Nama Paul Cumming mungkin terdengar asing
bagi generasi muda Indonesia hari ini. Tapi Paul Cumming adalah nama
besar di Indonesia, khususnya dalam dunia sepakbola dekade 80-an.
Di era Galatama, pelatih asal Inggris ini
tercatat pernah membesut klub asal Jakarta, Indonesia Muda dari 1981
hingga 1983. Ia juga pernah membawa Perseman Manokwari menjadi juara
Divisi I tahun 1983.
Sebagai orang asing yang tinggal puluhan
tahun di Indonesia dan kini sudah mengantongi status kewarganegaraan
Indonesia, pria 67 tahun ini berbagi cerita tentang rasa cintanya pada
Nusantara.
“Malam pun saya mimpi dalam Bahasa
Indonesia. Haha,” ujar penggemar Liverpool ini kepada CNN Indonesia
melalui sambungan telepon, Selasa (28/10/2014).
Rasa cintanya terhadap Indonesia diakui
Paul muncul akibat keindahan alam yang luar biasa yang ada di bumi
Indonesia. “Di dunia tidak ada yang menyamai keindahan gunung dan hutan
di Indonesia,” tutur pria kelahiran 8 Agustus 1947.

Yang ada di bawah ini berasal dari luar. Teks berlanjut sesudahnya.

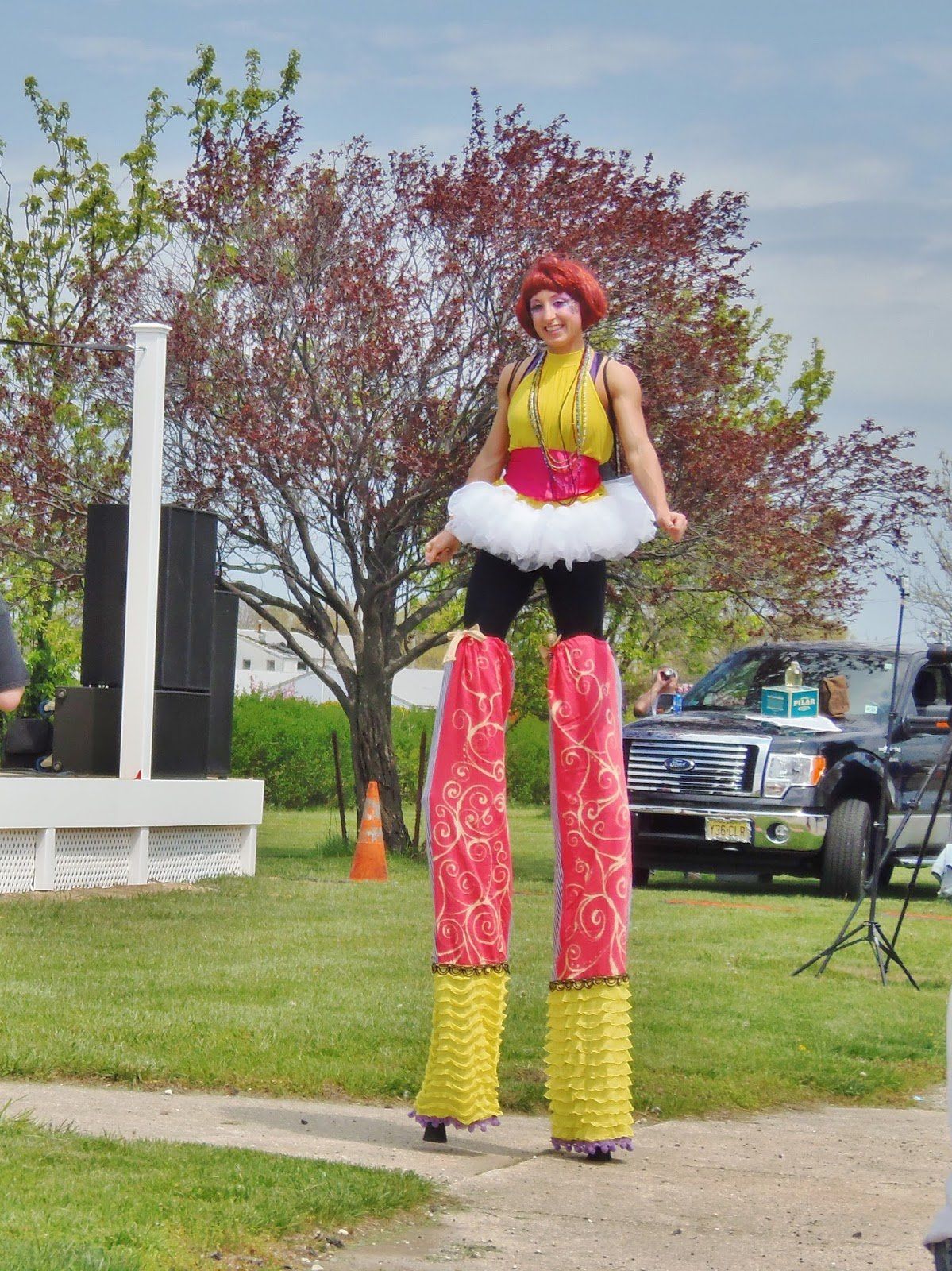 A woman is walking on stilts in a park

Berangkat dari rasa cinta yang mendalam
kepada bumi Indonesia inilah Paul memutuskan untuk pindah
kewarganegaraan, meski kemudian ia harus bersabar karena proses panjang
yang harus ia lalui.
Tanggal 10 November 1999 menjadi hari
bersejarah baginya. Setelah penantian panjang selama 19 tahun, di hari
itu ia akhirnya resmi menjadi WNI. Meski sebenarnya ia paham bahwa di
Indonesia lazim ada cara instan untuk mendapatkan status WNI, namun
dirinya dengan tegas enggan mengambil jalan pintas itu.

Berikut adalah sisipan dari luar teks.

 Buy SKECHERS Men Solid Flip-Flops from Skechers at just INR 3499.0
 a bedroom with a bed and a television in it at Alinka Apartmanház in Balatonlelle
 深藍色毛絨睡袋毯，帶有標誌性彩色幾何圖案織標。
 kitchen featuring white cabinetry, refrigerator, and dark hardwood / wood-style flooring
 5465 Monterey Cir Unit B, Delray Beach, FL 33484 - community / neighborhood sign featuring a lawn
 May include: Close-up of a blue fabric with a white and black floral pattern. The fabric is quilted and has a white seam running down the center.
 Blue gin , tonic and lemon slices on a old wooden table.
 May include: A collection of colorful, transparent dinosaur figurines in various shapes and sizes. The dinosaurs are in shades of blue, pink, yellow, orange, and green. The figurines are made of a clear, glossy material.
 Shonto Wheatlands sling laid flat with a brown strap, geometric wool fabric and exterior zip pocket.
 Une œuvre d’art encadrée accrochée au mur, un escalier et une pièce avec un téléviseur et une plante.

“Saya tidak mau, itu tidak sesuai dengan diri saya. Saya tetap ikuti aturan yang ada,” kata Paul Cumming.
Tak seperti sekarang naturalisasi pemain
maupun pelatih asing terasa begitu mudah, waktu itu Paul menjelaskan
aturan dari pihak imigrasi mewajibkan WNA yang ingin pindah
kewarganegaraan harus tinggal selama kurang lebih 15 tahun di Indonesia.
Penantian panjang untuk memperoleh status
WNI membuat Paul betul-betul meresapi Indonesia dalam dirinya. Ia
mengatakan sangat puas atas perjuangannya selama belasan tahun mengurus
proses tersebut.
“Saya orang asing pertama di Bandar
Lampung yang jadi WNI,” kata pria 67 tahun yang mengaku takut naik
pesawat itu dengan nada bangga.
Paul mengaku sangat terkesan dengan
kehangatan yang ia terima dari masyarakat Bandar Lampung kala itu. Paul
pun menceritakan bagaimana ia menggelar pesta di pantai bersama dengan
warga di hari di mana ia akhirnya sah menjadi WNI.
“Tidak ada motivasi lain mengapa saya mau
menjadi WNI, saya cinta Indonesia,” ucapnya. Setelah mendapat status
WNI, hari-harinya di Indonesia pun tidaklah semudah yang ia kira. Tahun
1998 ia dipecat dari Perserikatan Sepakbola Bandar Lampung (PSBL),
tempat ia melatih sejak tahun 1991, akibat krisis moneter yang berimbas
buruk pada keuangan klub.
Paul harus menyambung hidup dengan
membuka usaha persewaan perahu. Ia harus bertahan dari teror yang
dilakukan oleh preman-preman setempat. Malahan pada 2001, Paul
menceritakan ia pernah ditusuk oleh preman bersenjata tanpa alasan yang
jelas.
Meski berkali-kali menelan pil pahit, hal
itu tidak menurunkan kecintaannya pada Indonesia. Ia selalu memandang
apa yang dialaminya dengan positif.
“Saya yakin di Indonesia banyak orang
baik, saya hanya berpikir orang Indonesia itu jujur dan ramah. Itu yang
membuat saya tetap bertahan sampai hari ini,” kata Paul.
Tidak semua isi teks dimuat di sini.